Doyle poses a series of rhetorical questions when she discusses how she began to question whether the life she was living aligned with her authentic desires or whether it was just a reflection of the societal expectations she had forced herself to conform to. For example, her mother’s statement that Doyle had not seemed as happy as when her wife came into her life since she was ten years old prompted Doyle to ask herself: “Where did my spark go at ten? How had I lost myself?” (l. 88). This starts Doyle’s journey of self-reflection. Moreover, it suggests that the transition into adulthood often involves conforming to societal expectations and losing touch with one's true self. It also invites the receivers to join in her reflections, and perhaps wonder if they have experienced something similar in their own lives. 

Doyle shares other similar questions she asked herself on her journey: “How much of this was my idea?
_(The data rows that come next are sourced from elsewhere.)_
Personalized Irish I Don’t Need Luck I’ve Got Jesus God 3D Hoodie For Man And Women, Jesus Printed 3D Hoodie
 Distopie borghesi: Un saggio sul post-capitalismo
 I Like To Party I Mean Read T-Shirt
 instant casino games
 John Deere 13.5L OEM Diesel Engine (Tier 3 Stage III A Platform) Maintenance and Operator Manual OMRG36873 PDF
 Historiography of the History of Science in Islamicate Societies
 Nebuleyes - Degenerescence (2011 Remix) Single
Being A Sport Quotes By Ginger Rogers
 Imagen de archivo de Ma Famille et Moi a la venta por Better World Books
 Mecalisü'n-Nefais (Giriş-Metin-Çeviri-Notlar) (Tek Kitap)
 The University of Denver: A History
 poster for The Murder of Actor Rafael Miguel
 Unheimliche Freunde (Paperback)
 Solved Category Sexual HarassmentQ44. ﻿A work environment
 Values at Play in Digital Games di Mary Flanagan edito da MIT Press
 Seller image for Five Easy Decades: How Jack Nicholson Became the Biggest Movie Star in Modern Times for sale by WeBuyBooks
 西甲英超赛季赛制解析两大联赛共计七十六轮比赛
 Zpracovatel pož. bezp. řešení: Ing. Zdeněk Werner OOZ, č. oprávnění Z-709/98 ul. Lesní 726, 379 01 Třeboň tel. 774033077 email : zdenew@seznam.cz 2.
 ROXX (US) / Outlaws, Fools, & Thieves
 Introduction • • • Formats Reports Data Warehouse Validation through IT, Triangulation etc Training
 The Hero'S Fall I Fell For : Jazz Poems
Do I truly want any of this, or is this what I was conditioned to want? […] Who was I before I became who the world told me to be?” (l. 113-118). Though Doyle is not directly addressing readers, these questions once again challenge them to examine their own beliefs, choices, and desires, and to consider whether they are authentic or shaped by external influences. It also encourages them to consider the possibility of reclaiming their true, authentic selves.